She saw some female toiletries that Susan Levy later identified as the kind of toiletries that Chandra used. And strangely, Condit forbid Anne Marie to use the bedroom closet. She was told to use the hall closet. Her lawyer Jim Robinson related to Paula Zahn for The Edge what she said:

Well, I usually hung up my coat in his closet in the
bedroom. And the last time I was there, he didn't
want me going near that closet. I had to hang up all
my clothes in the hall closet by the front door. [2]

She was too jet lagged to question why, but questions started forming in her mind the next morning when she noticed a newly opened bottle of massage oil and "neckties tied together that were tied to the feet of the bed and shoved underneath the bed. They looked like they'd been there awhile" and used as restraints during sex. [3] She told Hannity & Colmes of Fox News:

I confronted him. And he was very frantic and pulled
them out and started untying them and putting them
away in his closet and asked me why I was snooping,
and I said, "I wasn't snooping. I just saw them
sticking out from under the bed". [4]

Condit made a joke of it, "Oh, oh, honey, I was just thinking about doing that with you", but she didn't believe him. [5] She got nervous and thought, "This is not the guy I know". [6] She was tying together what she had seen with a sexual fantasy that Condit often mentioned to her but she had passed off as a joke.

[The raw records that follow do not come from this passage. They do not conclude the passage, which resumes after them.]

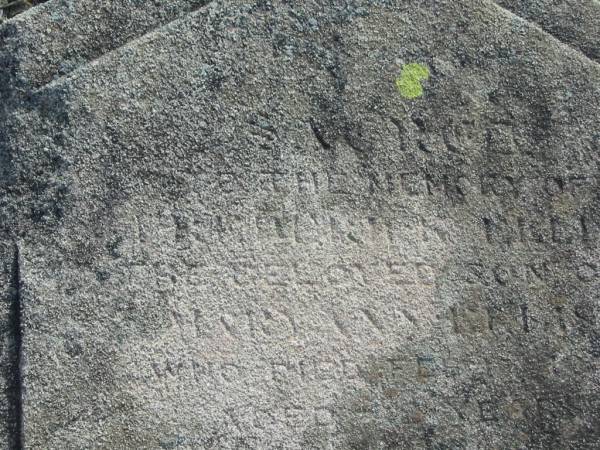 ??rter Nelly  | son of  | Mary Ann LE?IS  | d: Feb 1904?  | aged 2 years  |   | Harrisville Cemetery - Scenic Rim Regional Council  |   | 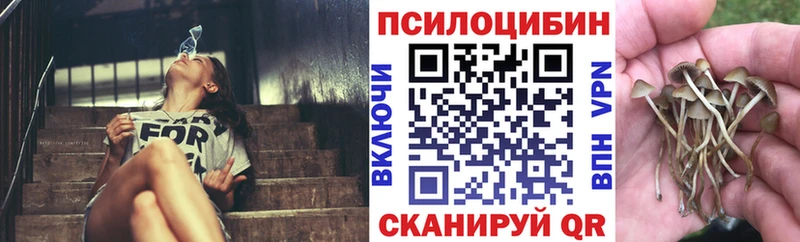 Галлюциногенные грибы ЛСД  Печора 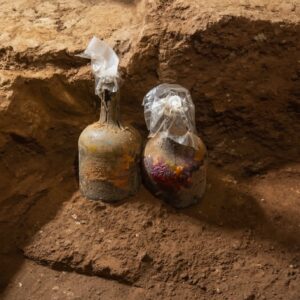After 250 Years Underground, These Cherries Were Finally Found at Mount Vernon
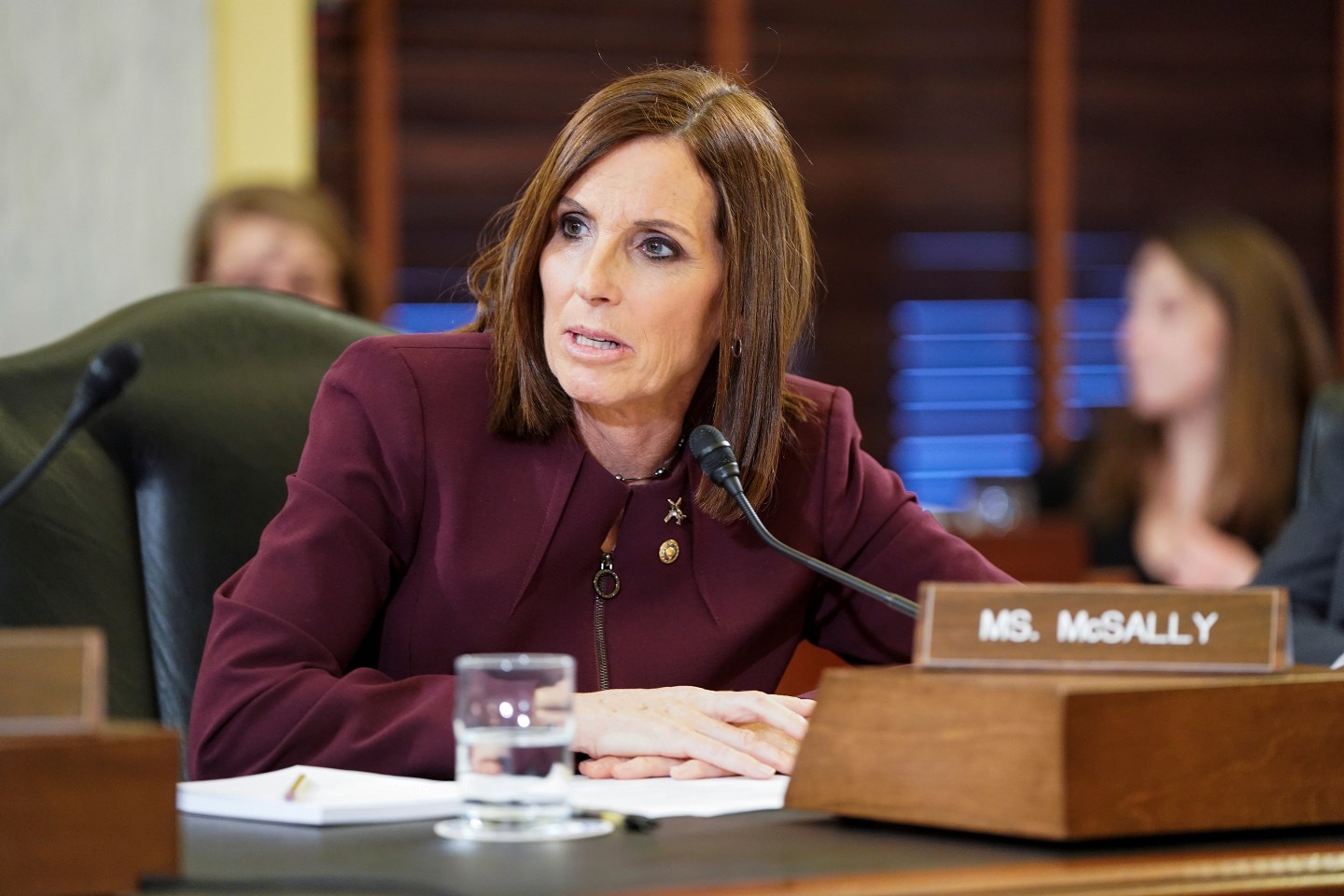 Senator Martha McSally Testimony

Condit had been urging her in one-way phone sex talk throughout their relationship to participate in sex with him and other guys, Robinson told Paul Sperry of WorldNetDaily.com. "I have a fantasy about a bunch of guys and one woman, you," Condit told her. He said it would probably make her cry. She was now convinced he was serious about his sexual fantasy and worried, "oh, my God, I could have been hurt". [7] That didn't stop them from continuing to talk daily and her suggesting they get together, but whether inadvertent or not, they were to never get together again after she confronted him about what she had seen.

Robinson goes on to suggest to Paul Sperry that Anne Marie was told not to use the bedroom closet because bondage and discipline apparatus that Condit would not want her to see might have been kept there, but it is more likely given the hair on the bathroom floors, female toiletries in the bathroom, and neighbors of Chandra who never saw her that Chandra had clothes in the bedroom closet that Condit didn't want Anne Marie to see.

How moved in was she? She had asked her landlord a couple of months earlier about breaking her lease to move in with her boyfriend, but her aunt Linda thought it might have been wishful thinking on her part since Condit was married. She later told her landlord it didn't work out. And in April, Congress was in Easter-Passover recess from April 7 to April 22, with Condit saying he had family in town the first week of April and was home for Easter recess the next two weeks, so he hadn't seen Chandra for much of April. [8] Yet her neighbors thought she had moved out and didn't see her again until the last week of April, the same time as Chandra lost her internship and Condit returned from Easter recess. If she wasn't at Condit's, where was she?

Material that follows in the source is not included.